▶ Available data
══════

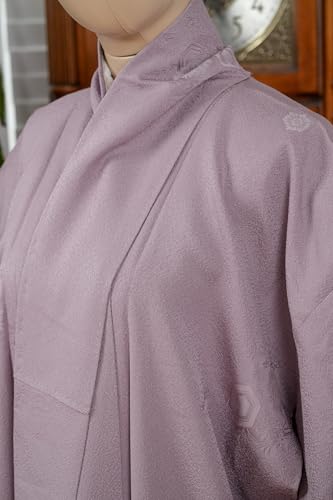 DEAR VANILLA Authentic Traditional Japanese Tango Chirimen Silk Iromuji Kimono for Women Robe Made in Japan KMC-0078 Lavender - Thumbnail 5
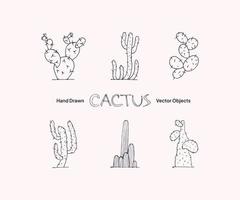objets vectoriels dessinés à la main cactus vecteur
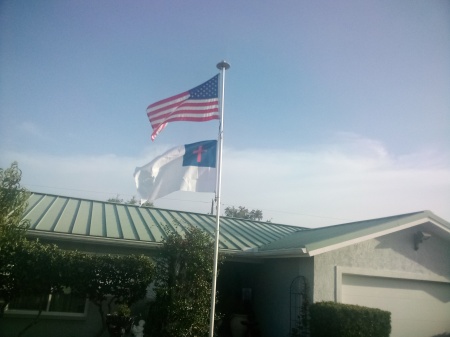 New flags for a pretty day. God bless America.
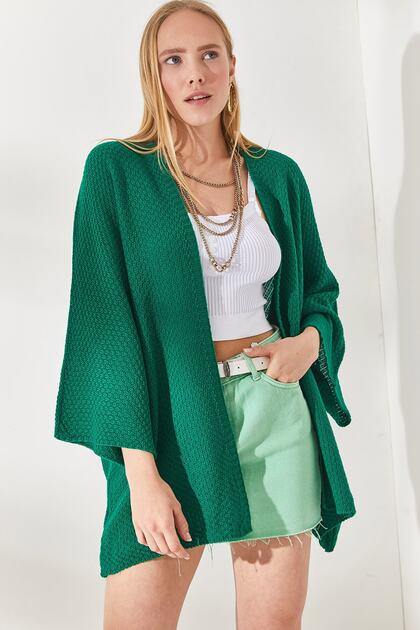 Women's Grass Green Bat Spring Cardigan HRK-19000057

══════

▶ Task prompt
Exclude all images and retype the data precisely.

▶ Response
 DEAR VANILLA Authentic Traditional Japanese Tango Chirimen Silk Iromuji Kimono for Women Robe Made in Japan KMC-0078 Lavender - Thumbnail 5
objets vectoriels dessinés à la main cactus vecteur
 New flags for a pretty day. God bless America.
 Women's Grass Green Bat Spring Cardigan HRK-19000057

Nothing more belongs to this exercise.